- Action item -
Write out again the lines from the line with "Image of Bosco" up to and including the line with "Abercrombie & Fitch", exactly as they stand below, and skip any picture.

- Provided data -
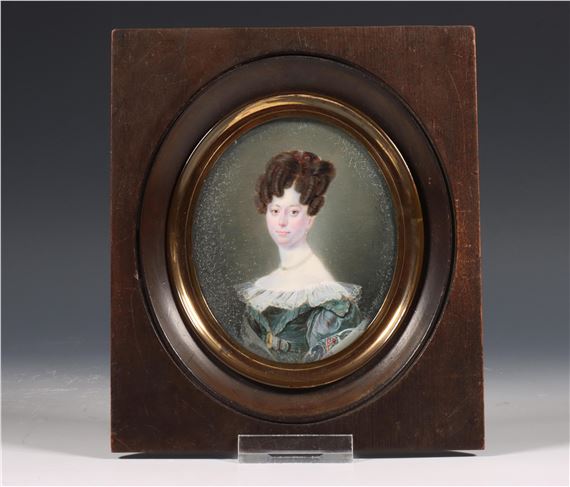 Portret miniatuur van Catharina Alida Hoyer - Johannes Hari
---
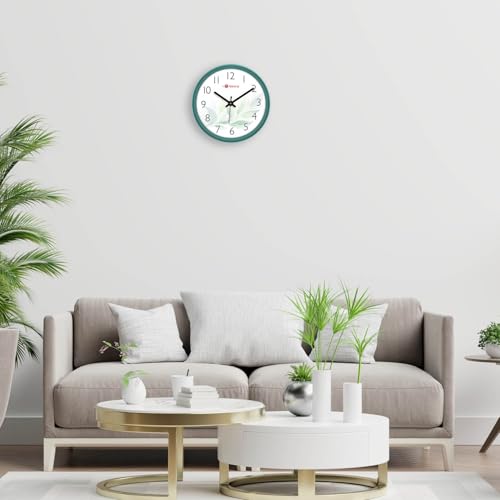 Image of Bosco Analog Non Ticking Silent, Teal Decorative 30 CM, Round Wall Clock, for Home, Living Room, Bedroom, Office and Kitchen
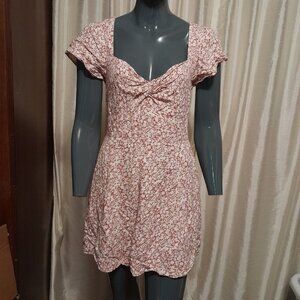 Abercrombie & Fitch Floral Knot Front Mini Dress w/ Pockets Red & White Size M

- Exercise result -
 Image of Bosco Analog Non Ticking Silent, Teal Decorative 30 CM, Round Wall Clock, for Home, Living Room, Bedroom, Office and Kitchen
 Abercrombie & Fitch Floral Knot Front Mini Dress w/ Pockets Red & White Size M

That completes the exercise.